Whilst I have seen countless productions of The Nutcracker, with still more to be added, this season, it is this glorious and venerable interpretation by Sir Peter Wright that remains always the one to which all others must bear comparison. This opening night of a new run, which will contain many debuts and, alas, perhaps a farewell or two, also served as a celebration of Sir Peter’s 90th birthday (occurring two days’ later) with a flower throw and an onstage, post-curtain call presentation.
The Royal Opera House gave Sir Peter a splendidly ornate cake and a medallion; The Royal Ballet presented him with a truly memorable performance of one of his best-loved and longest-lived ballets. Created in 1984 and enjoying the sumptuous, timeless designs of Julia Trevelyan Oman, the inherent sparkle and glamour of it all remains as warming as a mug of fine mulled wine, sipped by candlelight in front of a roaring log fire.
Wright’s production is regularly refreshed. He has returned to it many times to snip and edit such that an informal annual game of “spot-the-difference” is always great fun. This year, I could see further subtle changes to the Mouse King’s battlefield, which has become much-altered since the original. And a revised Chinese Dance excises the larger part of its former capacity to offend. Gone are the silly Fu Manchu moustaches, the pointy hats and pointed fingers, the little parasols and absurd 19th-century racial stereotyping; and gone, too, are two of the Chinese men. The rotational, levered cartwheels are retained and were neatly performed by Marcelino Sambé and Luca Acri, wearing rather more subdued brocade costumes than hitherto.
Although Tchaikovsky allegedly detested the music he composed to the precise detail of Marius Petipa’s order, it is his highly descriptive score that has made The Nutcracker easily the world’s most popular ballet (certainly in terms of the quantum of performances). Here, the orchestra was taken along at quite a gallop by Boris Gruzin; the tempo too quick for me, in many places, but what wonderful melodies, at any speed!

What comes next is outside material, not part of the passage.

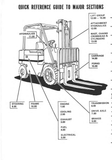 V30C, V40C, V50C Caterpillar Forklift Parts Catalogue Manual (SEBN2538) - PDF File Download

One perennial boon is to see new generations of performers slip into roles seamlessly alongside veteran players of characters, honed to rounded perfection over many years. Gary Avis, Alastair Marriott, Christopher Saunders and Elizabeth McGorian have been performing in Wright’s production since the early 90s but their national dances of those days have been traded in for the key character roles. McGorian is elegance exemplified as Mrs Stahlbaum, the best Christmas party hostess, ever; ably supported by Saunders as her attentive husband. Marriott’s aged grandfather is – as ever – a comic delight.